The comments I heard him make are three decades old, but his consistent policy positions over the years speak volumes. He falsely charged three African American civil rights activists in Alabama, including a longtime adviser to Martin Luther King Jr., with 29 counts of mail fraud, altering absentee ballots and attempting to vote multiple times. The evidence showed that these activists were simply helping elderly African American voters complete mail-in ballots. All were acquitted of every charge.

In the decades since, Sessions has promoted the myth of voter-impersonation fraud, despite overwhelming evidence that it is exceedingly rare. At the same time, he has ignored the racial impact of voting restrictions, which have a well-documented negative effect on minority communities, the impoverished and the elderly. He has disagreed that people are sometimes denied the right to vote, and in the wake of Shelby County v. Holder, which struck down a key provision of the Voting Rights Act, he proclaimed victory. Sessions asserted that “Shelby County has never had a history of denying voters” — willfully discounting the Alabama county’s recent history of discriminatory voting changes.

The Senate Judiciary Committee has developed strict standards of scrutiny for nominees – standards that Sessions himself imposed while serving on the Senate Judiciary Committee. So, it’s astounding that Sessions has failed to provide a full record to the committee:

President-elect Donald Trump’s pick for attorney general, Jeff Sessions, is withholding decades’ worth of records from his career ahead of his Senate confirmation hearings early next month, according to an exhaustive report issued Friday by progressive advocacy groups.

The groups, which include Alliance for Justice and People for the American Way, reviewed the questionnaire that Sessions filled out for the Senate Judiciary Committee ― it requires complete documentation of employment history, published writings, interviews and speeches, among other things ― and found “astonishingly deficient” responses.

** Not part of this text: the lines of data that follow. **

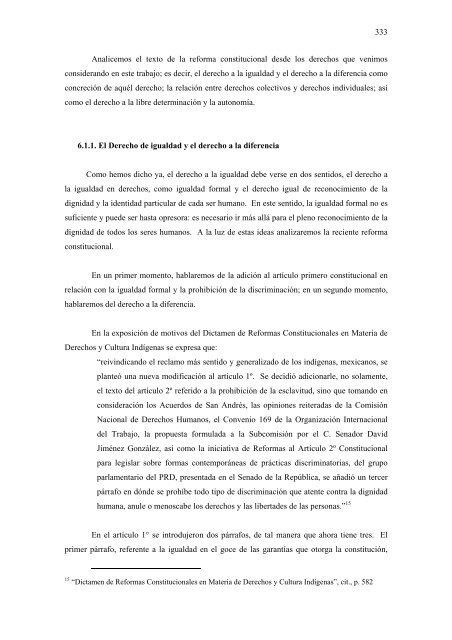 Ir al documento completo - IIDH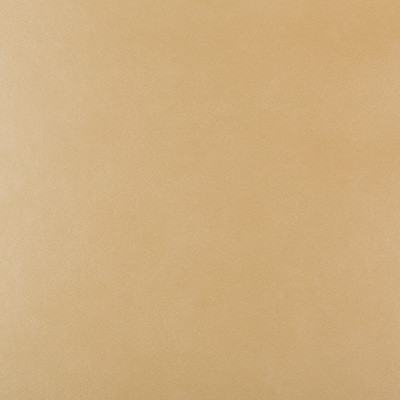 Kravet Design Fabric Kravet Design Frankel-16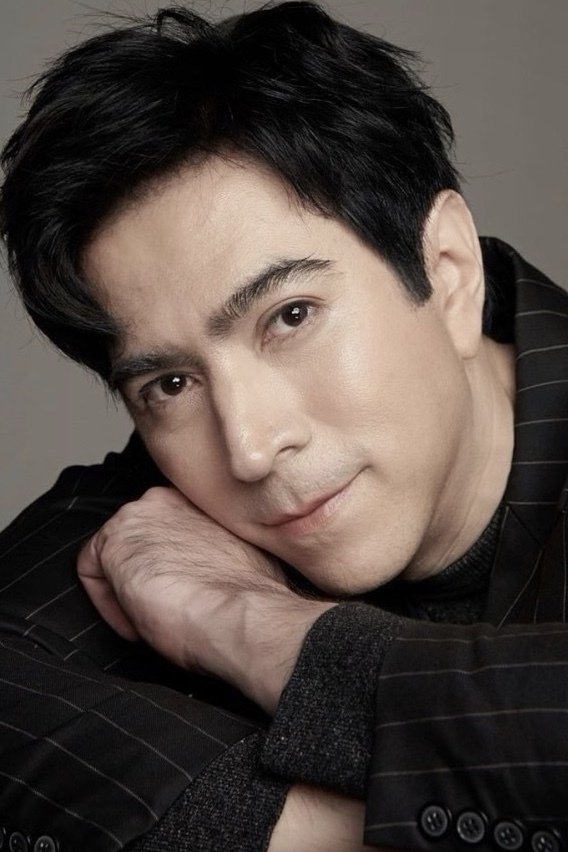 Yuranan PamornMontri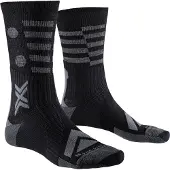 X-socks Socken Perform Merino Crew Expert
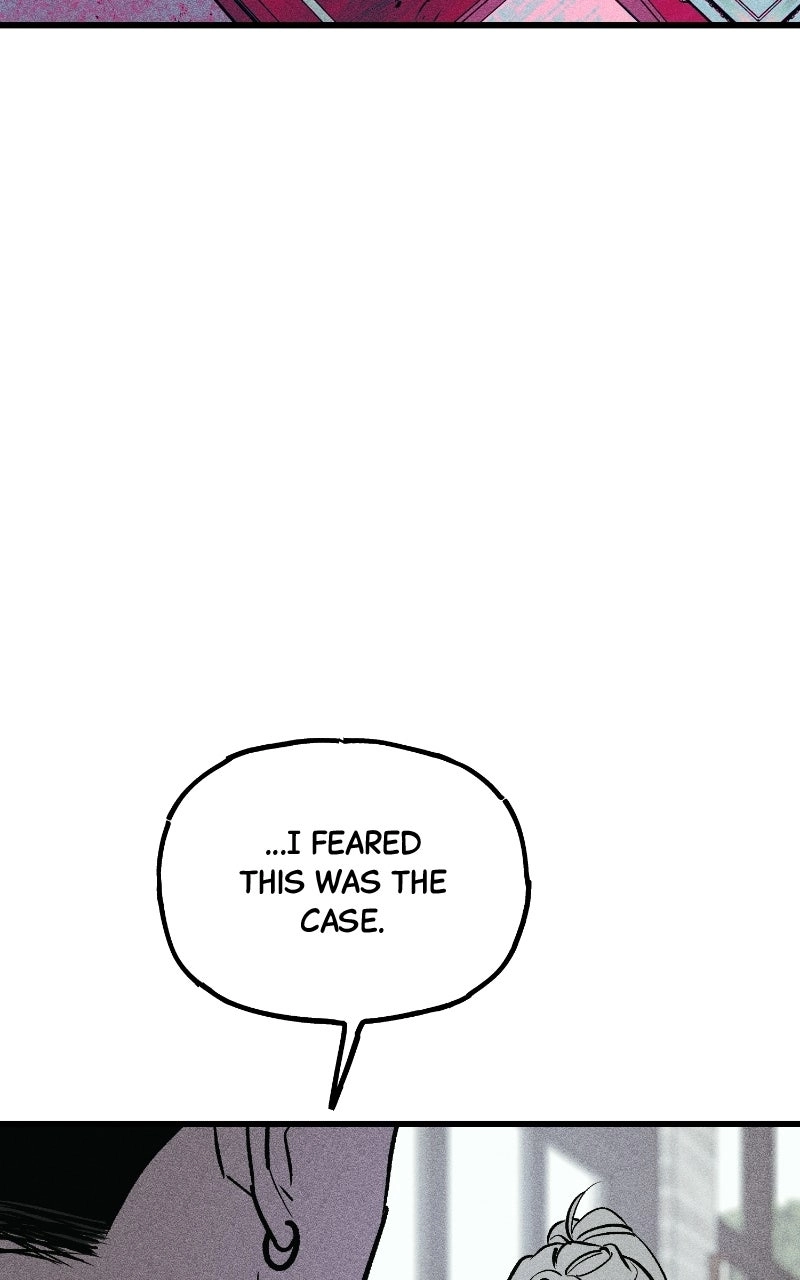 Read Acting Gangster chapter 51 image 72 on Lezhin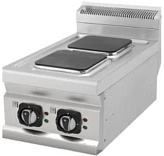 Плита электрическая Kocateq MCER 47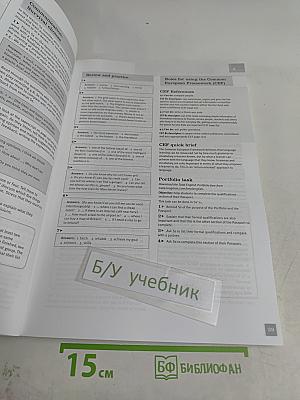 Total English Pre-intermediate Teacher's Resource Book
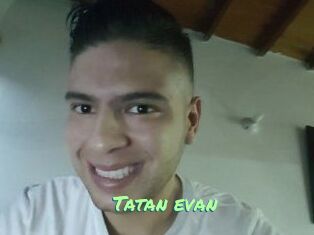 Tatan_evan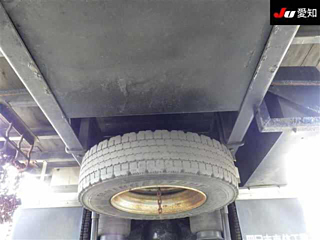 catalog-car-11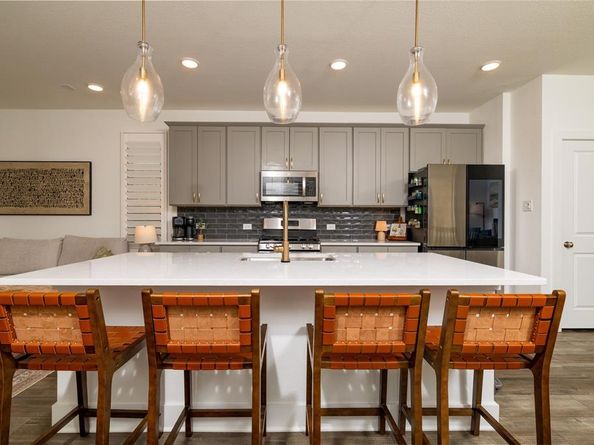 1208  Lady Mantle Way , Little Elm Texas 76227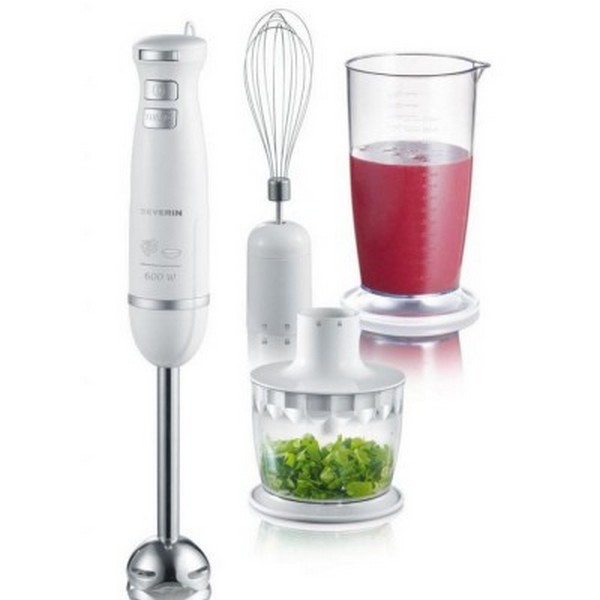 Блендер SEVERIN SM 3798, SM 3798
Блендер SEVERIN SM 3798, SM 3798
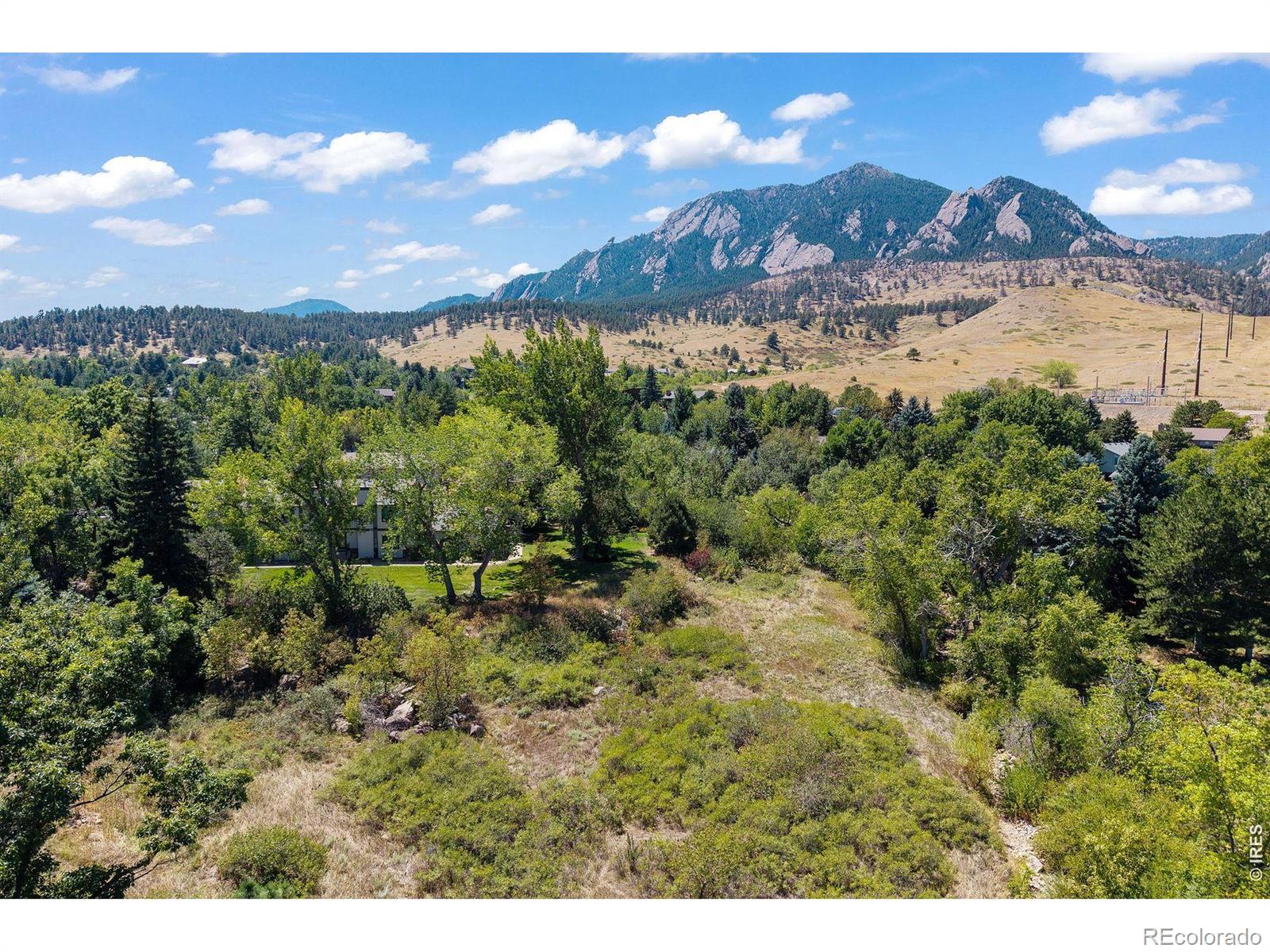 MLS Image #21 for 1325  bear mountain drive,boulder, Colorado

He left out major details from his years as U.S. attorney for the Southern District of Alabama, from 1981 to 1993; as attorney general of Alabama, from 1995 to 1997; and as a first-term U.S. senator, from 1997 to 2002.

The gaps encompass the time, for example, when Sessions was nominated to be a federal judge in 1986 ― and then rejected after being deemed too racist.

That’s quite an omission.

And, for anyone who claims this was all 30 years ago, we’ve watched Sessions over the year as he’s been the leading anti-immigrant voice in the Senate and allied himself with hate groups, like FAIR. Also, in a Senate floor speech 10 years ago, Sessions maligned every immigrant from the Dominican Republic, “Fundamentally, almost no one coming from the Dominican Republic to the United States is coming here because they have a provable skill that would benefit us and that would indicate their likely success in our society,”

We’ll be monitoring the Sessions nomination closely over the next few weeks and providing updates on the latest developments.